In understanding the context of penalties and offences in Self-Assessment System, we first need to understand the overall meaning of Self-Assessment System. Self-Assessment System is based on the concept Pay, Self Assess and File. Whereby, Pay stands for monthly salary deductions are made for the individuals who are having an employment income or also for the individuals who are having business income through installments. The Self assess stands whereby the taxpayers are responsible in computing their own taxes.
And the file stands for the Income Tax Revenue Form (ITRF) where it will be submitted to the Inland Revenue Board Malaysia together with the payment for the balance of the income tax payable where it is to meet any shortfall in the monthly payments or maybe a claim for a repayment, in case if there is an overpayment.
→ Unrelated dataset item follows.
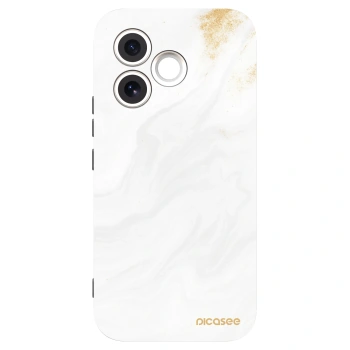 Picasee crna silikonska maskica za Honor 600 Lite - White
Self-Assessment System (SAS) is being practiced in some developed countries such as United States, United Kingdom, Australia, Japan and The Organization for Economic Co-operation and Development (OECD) Countries as a group.
There are some other developing countries also practicing Self-Assessment System such as Cambodia, Sri Lanka and also Malaysia. As we realize that the central motivations of the Self-Assessment System is being introduced is to increase the efficiency of tax collection for the tax authority. But yet there are some broad groups whereby they offences against the Act, filling inaccurate returns and providing incorrect information, fraud and willful evasion. This leads to the introduction of penalty and offences provision under Income Tax Act. There are few penalties for each offence under Income Tax Act.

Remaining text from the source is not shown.